У человека бывают порывы, убедительные для него и определяющие своею правдою, так сказать – логикою правды. Должен ли он им доверять? Не доверяя им – он живет менее чем половиною жизни. Доверять же не может, зная, что его эгоистическая личность и эти порывы правды уживаются лишь в исключительные моменты жизни; доверяя своим лучшим порывам, человек незаметно дает почву и своей эгоистической природе.
Несомненно, бессмертие души и т. п. истины интересуют нас не сами по себе, но по тем практическим тенденциям, с которыми они иногда связываются. Там, где нет ясной наглядной уверенности, – нас интригуют наши личные тенденции, заинтересованные двумя вероятностями…
Тема: «Благо познания» или: «Ценность познания». Когда ослабевает наша мыслительная способность, мы начинаем понимать, какого великого блага мы лишаемся. Как хорошо, что мы знаем нечто! (Вся наша жизнь постольку ценна, поскольку мы знаем действительность.)
Тупой эгоизм «верующего», забывающего все ввиду своего спасения, – гораздо противнее жизненного и часто плодотворного эгоизма непосредственного человека.
3 октябряСоприкосновение с жизнью доказывает нам, насколько она нам неизвестна и непонятна.
Понятным остается абстрактный, по-видимому общий всем людям, мир законов сознания, так сказать, – мир интенсивной жизни индивидуума. И во имя сострадания мы не имеем права посягать на этот интенсивный мир; между тем всякий шаг в экстенсивный мир, – неизвестный, следовательно, сопряженный с риском, – тем самым является посягательством на интенсивный мир нашего ближнего.
Разумные люди, которых так мало и которые нас так увлекают, – большею частью люди, более или менее отрекшиеся от экстенсивной жизни. Отречение от экстенсивной жизни лежит в знаменитом изречении: omnia mea mecum porto.
Глупо называть человека, руководящегося этим принципом, «эгоистом». Это тот, который избавил мир от своей личности, – и он «эгоист»!

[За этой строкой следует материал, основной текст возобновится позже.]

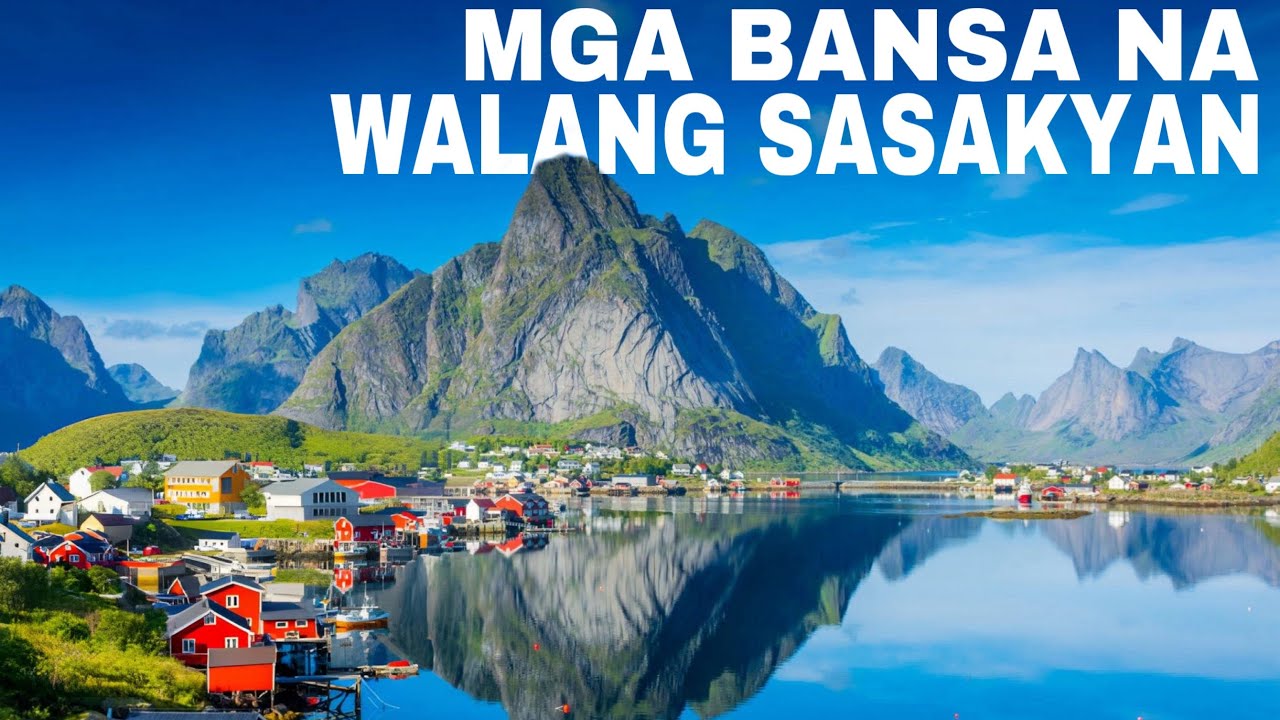 Mga BANSA na WALANG SASAKYAN o KOTSE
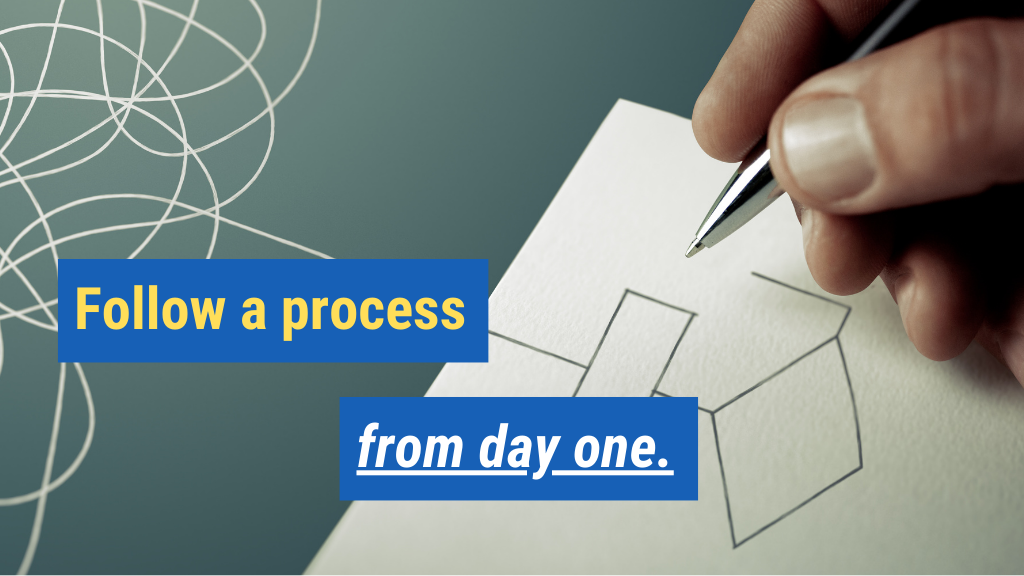 3. Follow a process from day one.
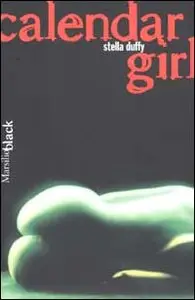 Calendar girl di Stella Duffy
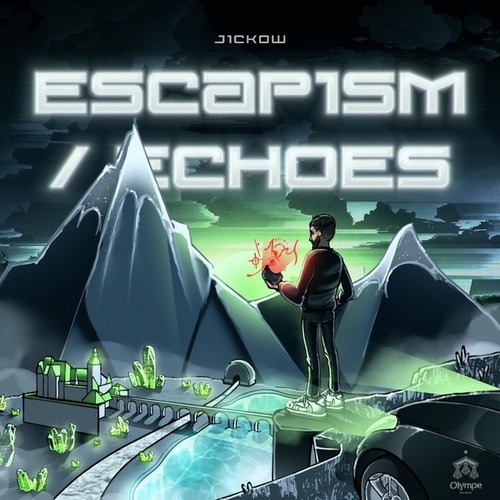 Jickow-Escapism / Echoes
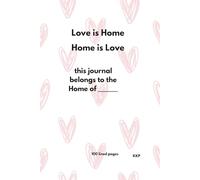 Love is Home Home is Love: Journal our Love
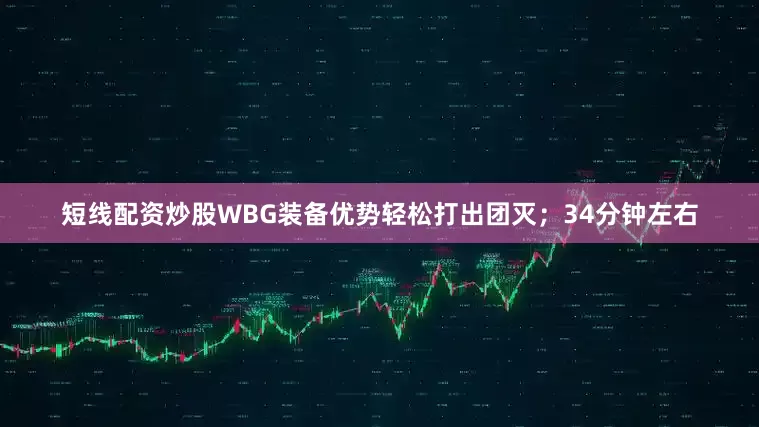 短线配资炒股WBG装备优势轻松打出团灭；34分钟左右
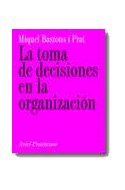 Papel TOMA DE DECISIONES EN LA ORGANIZACION (ARIEL PRACTICUM)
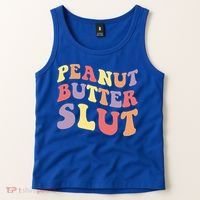 Peanut Butter Slut Peanut Butter Lover Peanut Butter Humor Meaningful Gift Tank Top thumb 2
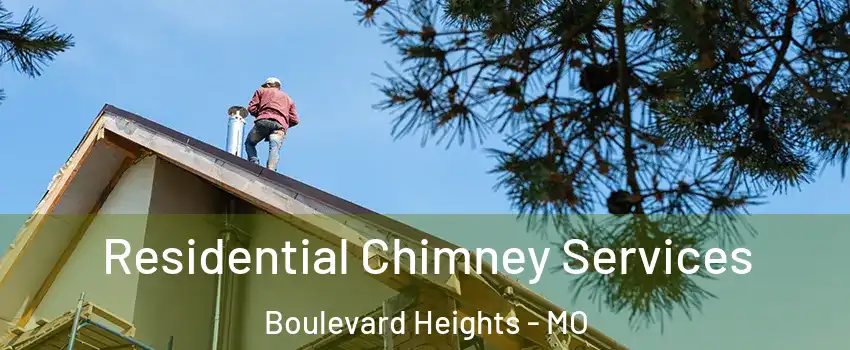 Residential Chimney Services Boulevard Heights - MO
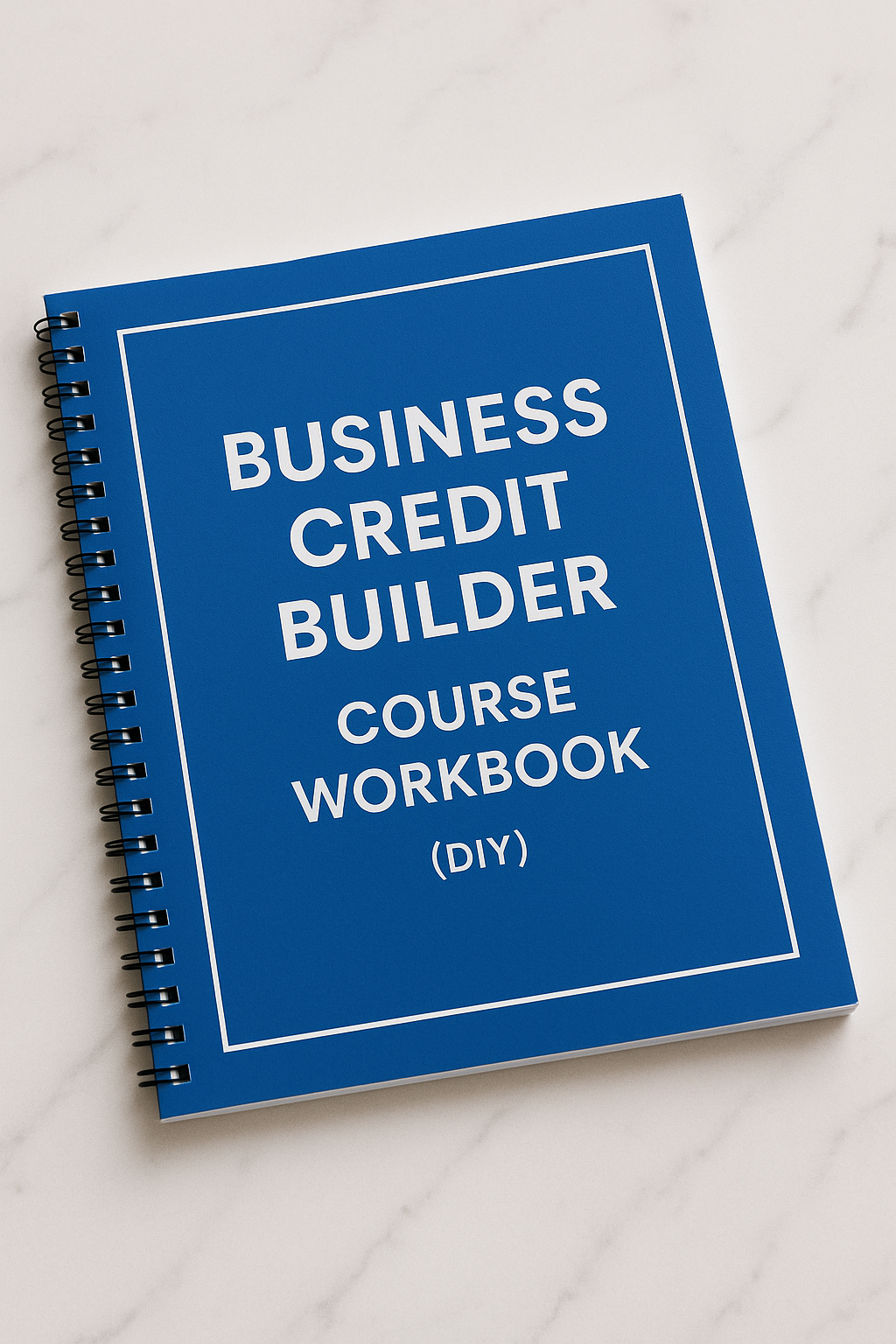 Business Credit Builder Course Workbook (DIY)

Что такое «альтруист»? В теории – «человек, отрекшийся от экстенсивной жизни». В практике – большею частью «человек, уверенный, что он понимает экстенсивную жизнь и поэтому, из принципа, посягающий на интенсивную жизнь своего ближнего».
«Ты сделал это? А ведь можно было бы сделать лучше! А ведь этого было бы лучше совсем не делать!» Вот суд разума над действиями воли. Однако надо заметить, что если бы разум разговаривал до действий воли, то не было бы и жизни; поэтому, с одной стороны, жизнь предполагает санкцию разума после санкции воли, с другой – вряд ли достижимо для смертного «самодовольство», которое справедливо считается высшим и единственным его счастием.